Zu dieser Gesellschaft haben sich elf Mediziner, überwiegend Hausärzte, zusammengeschlossen, die bereits seit vielen Jahren im als Verein organisierten Medinetz Harz kooperieren. Ihr Ansinnen: Durch das gemeinsame Engagement das Risiko, das mit einer Unternehmensgründung verbunden ist, auf viele Schultern zu verteilen.

Hoffen auf junge, ausgebildete Hausärzte

Vorigen Sommer hat das MVZ Nordharz als zweites Projekt die Praxis eines in den Ruhestand gegangenen Blankenburger Arztes übernommen und so die medizinische Versorgung dort sichern können.

Die Ärzte sind beim MVZ angestellt und haben feste Zeiten, wann sie wo tätig sind. An drei Tagen in der Woche ist Reuiss Agaiby zu Sprechstunden in Zilly, an einem Tag Kiril Genov, der sonst in der Blankenburger Praxis arbeitet.

Große Freude herrscht, dass seit Jahresbeginn Hannelore Dittmann, die langjährige Zillyer Hausärztin, mit im Team ist und an zwei Tagen in der Woche wieder Sprechzeiten anbieten kann.

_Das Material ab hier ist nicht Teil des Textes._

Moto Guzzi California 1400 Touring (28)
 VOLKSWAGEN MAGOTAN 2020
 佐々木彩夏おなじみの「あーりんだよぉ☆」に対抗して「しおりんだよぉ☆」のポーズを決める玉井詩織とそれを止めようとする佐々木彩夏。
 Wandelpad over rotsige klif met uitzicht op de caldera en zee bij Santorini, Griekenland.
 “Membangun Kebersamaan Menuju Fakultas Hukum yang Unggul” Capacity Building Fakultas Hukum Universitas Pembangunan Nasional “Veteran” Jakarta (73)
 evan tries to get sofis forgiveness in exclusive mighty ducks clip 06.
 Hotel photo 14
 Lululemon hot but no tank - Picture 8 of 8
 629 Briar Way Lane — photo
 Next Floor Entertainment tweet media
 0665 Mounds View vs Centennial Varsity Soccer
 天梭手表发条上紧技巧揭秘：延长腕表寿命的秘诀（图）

Zillys Hausarztpraxis kann noch Patienten aufnehmen, reden die Mediziner nicht drum herum. Zusammen mit Blankenburg trage sich das Versorgungszentrum, berichtete Ulrich Heucke. „Das Konzept hat seine Berechtigung.“

Noch in weiteren Orten tätig zu werden, sei momentan „ein Problem der Köpfe“. Doch Heucke hofft, dass die Zahl der jungen, ausgebildeten Hausärzte wieder steigen wird.